Secretary Gates’ assessment of the “bloated” size of the U.S. Navy is taken entirely out of context. It does not reflect the realities of distance, refit times, allies in different parts of the world or the fact that the U.S. Navy is the only force capable of securing the sea lanes and integrating the operations of its allies. Nor does he appear to understand how a modern ocean-going navy operates. As an erstwhile specialist on the Soviet Union he apparently has forgotten how the U.S. Navy planned to operate against the threat that country posed, one which included lots of missiles, an integrated surveillance network, hundreds of submarines and very powerful air defenses.
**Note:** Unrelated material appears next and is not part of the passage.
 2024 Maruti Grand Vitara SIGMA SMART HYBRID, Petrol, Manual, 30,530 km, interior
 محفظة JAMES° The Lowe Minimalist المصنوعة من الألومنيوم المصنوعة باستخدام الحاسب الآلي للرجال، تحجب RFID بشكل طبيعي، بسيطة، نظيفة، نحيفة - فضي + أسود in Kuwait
Towards the end of his speech, Secretary Gates made reference to one of his most distinguished predecessors, our first Secretary of War and the man who founded the U.S. Navy, Henry Knox. He noted that in order to garner congressional support for his shipbuilding program, Knox had to spread his program out among different yards in multiple states. According to Gates congressional support for the alternative engine and C-17 programs are modern examples of the same problem.
Unfortunately, Gates chose to emphasize the least remarkable feature of his predecessor’s tenure. The more remarkable feature was Knox’s understanding that the fledgling country needed a navy not just to protect its shores to deal with pirates (the irregular warfare problem of his day) but to project power globally against all threats. As he declared in 1794 on the passage of the act to construct the first six frigates: “. . .this second commencement of a navy for the United States should be worthy of their national character. That the vessels should combine such qualities of strength, durability, swiftness of sailing, and force, as to render them equal, if not superior, to any frigates belonging to any of the European Powers.”
Secretary Gates is no Henry Knox. He has no strategic vision for the Navy of the future. His focus is purely tactical and technical. He does not appreciate what Knox understood more than 200 hundred years ago, that the U.S. Navy has to be a strategic capability that can sail on an ocean and face any threat. Knox built a Navy to go in harms way; Gates wants to build one to avoid being sunk.